DATASET CONTENT Start Marker

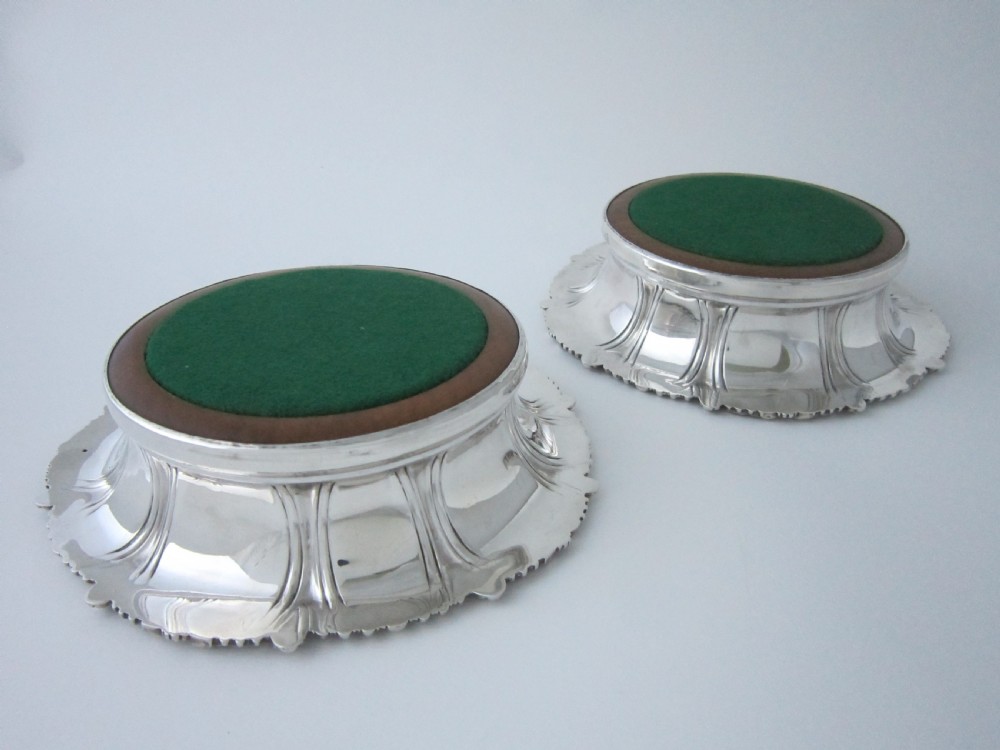 Antique Victorian Sterling silver wine coasters View VII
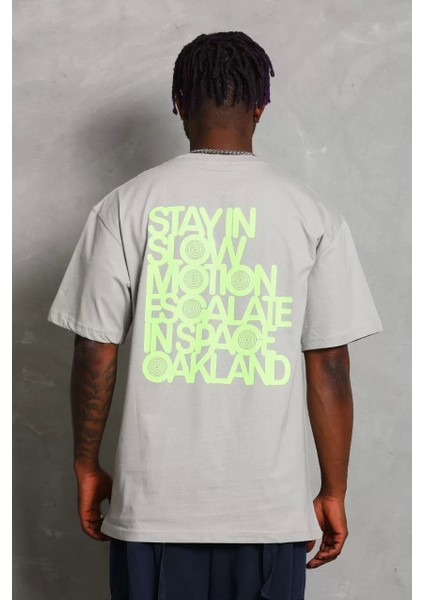 Oversize Baskılı Bisiklet Yaka T-Shirt - Gri indirimleri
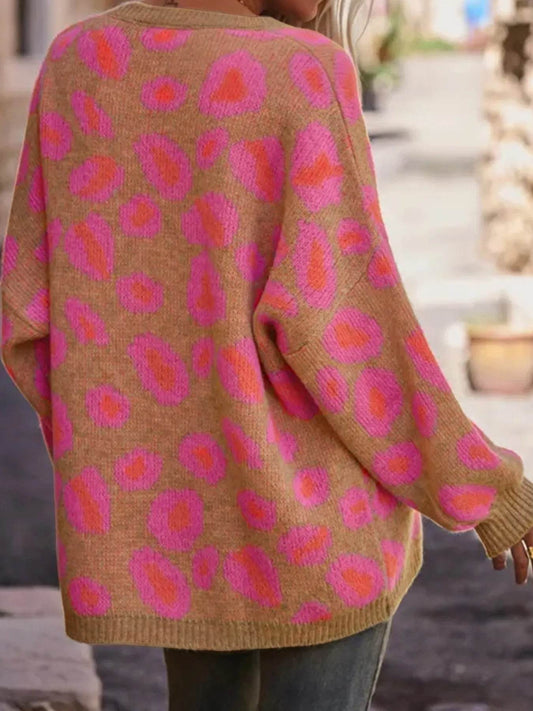 Leopard Oversized V-Neck Sweater - IntuitiveEncBoutique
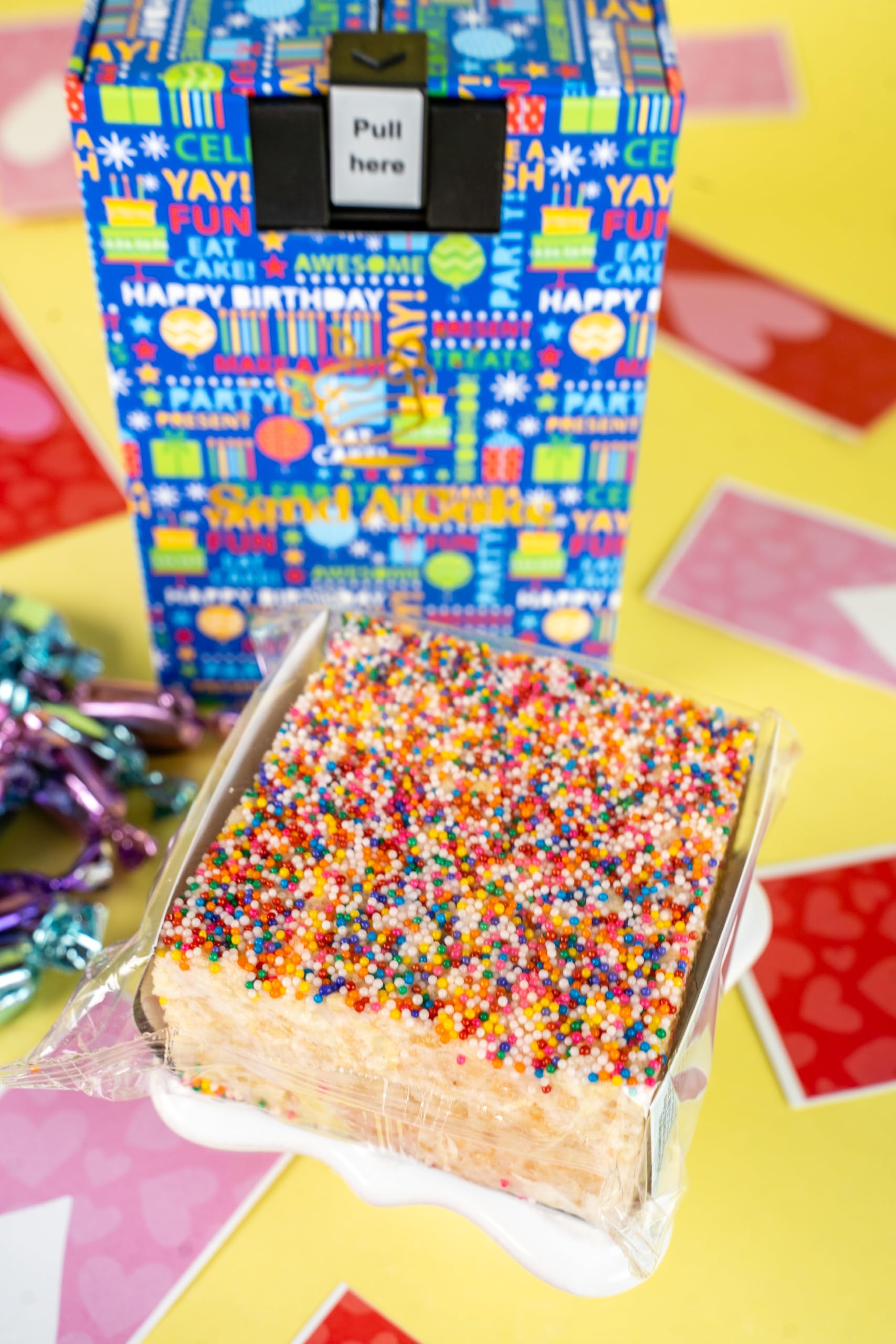 Birthday Love Shower Gift Box by Send A Cake - Ready-to-Gift Music Box with Sweet Caramels & 3" Rainbow Sprinkle Dots Crispy Cake - No Assembly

DATASET CONTENT End Marker

__EXERCISE AIM__.
Each line from the one holding "Oversize Baskılı Bisiklet" through the end of the listing is to be output exactly, both ends included, with no other lines and the pictures left out.

__TASK ANSWER__.
 Oversize Baskılı Bisiklet Yaka T-Shirt - Gri indirimleri
 Leopard Oversized V-Neck Sweater - IntuitiveEncBoutique
 Birthday Love Shower Gift Box by Send A Cake - Ready-to-Gift Music Box with Sweet Caramels & 3" Rainbow Sprinkle Dots Crispy Cake - No Assembly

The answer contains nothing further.